Dataset extract:
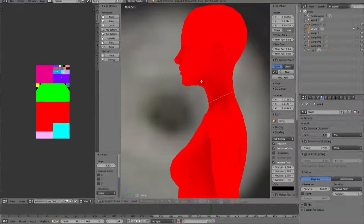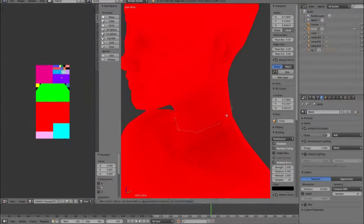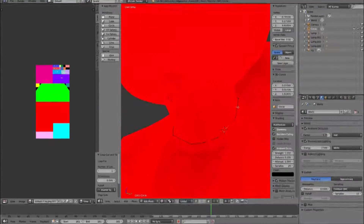Hi everyone, today I am back with a new video showing how I made this simple yet really cute choker. This choker was really fun and easy to create — I hope you guys will be able to follow the process.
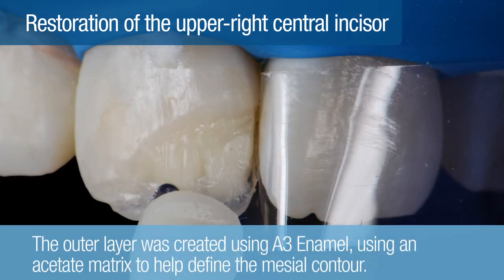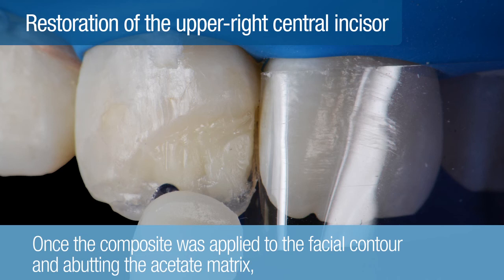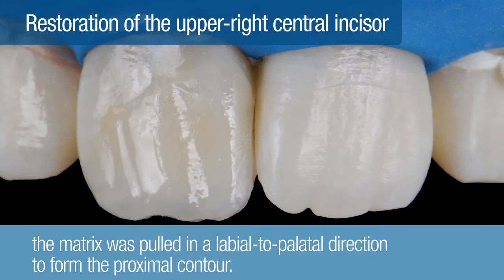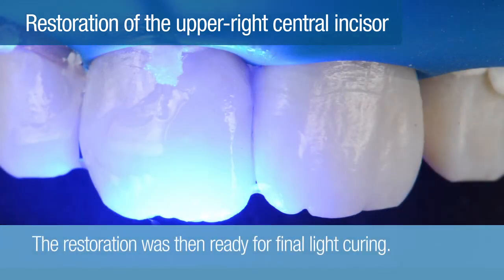Next, the outer layer was created using A3 enamel. An acetate matrix was used to help define the mesial contour. Once the composite was applied to the facial contour and abutting the acetate matrix, the matrix was pulled in a labial to palatal direction to form the proximal contour. After the proximal contour was formed, additional vestibular contouring was easily achieved with brushes. The restoration was then ready for final light curing.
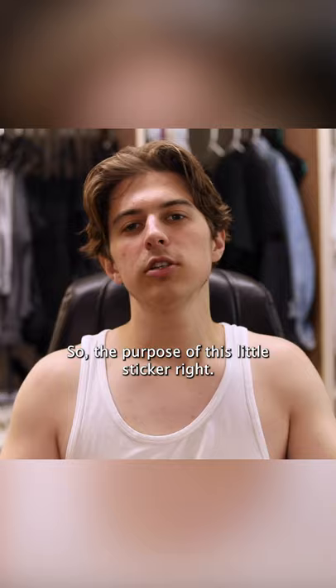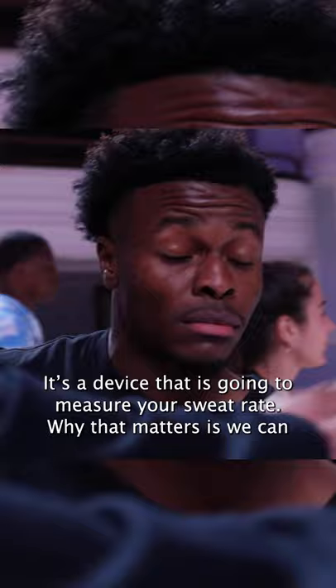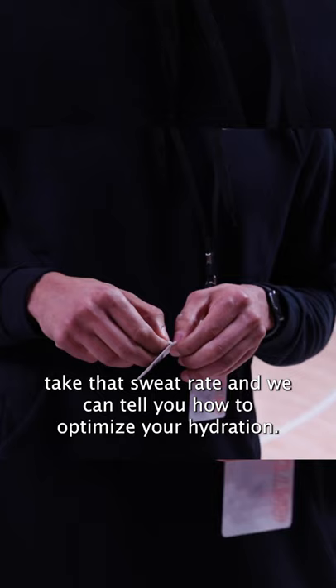So the purpose of this little sticker — it's a device that's going to measure your sweat rate. Why that matters is we can take that sweat rate and tell you how to optimize your hydration. They have to use those big-ass words — 'optimize.' So basically, it should be telling you how much water you should be drinking.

The problem:
Exclude images. Return the data above verbatim.

Exercise output:
Hi everyone, today I am back with a new video showing how I made this simple yet really cute choker. This choker was really fun and easy to create — I hope you guys will be able to follow the process.
Next, the outer layer was created using A3 enamel. An acetate matrix was used to help define the mesial contour. Once the composite was applied to the facial contour and abutting the acetate matrix, the matrix was pulled in a labial to palatal direction to form the proximal contour. After the proximal contour was formed, additional vestibular contouring was easily achieved with brushes. The restoration was then ready for final light curing.
So the purpose of this little sticker — it's a device that's going to measure your sweat rate. Why that matters is we can take that sweat rate and tell you how to optimize your hydration. They have to use those big-ass words — 'optimize.' So basically, it should be telling you how much water you should be drinking.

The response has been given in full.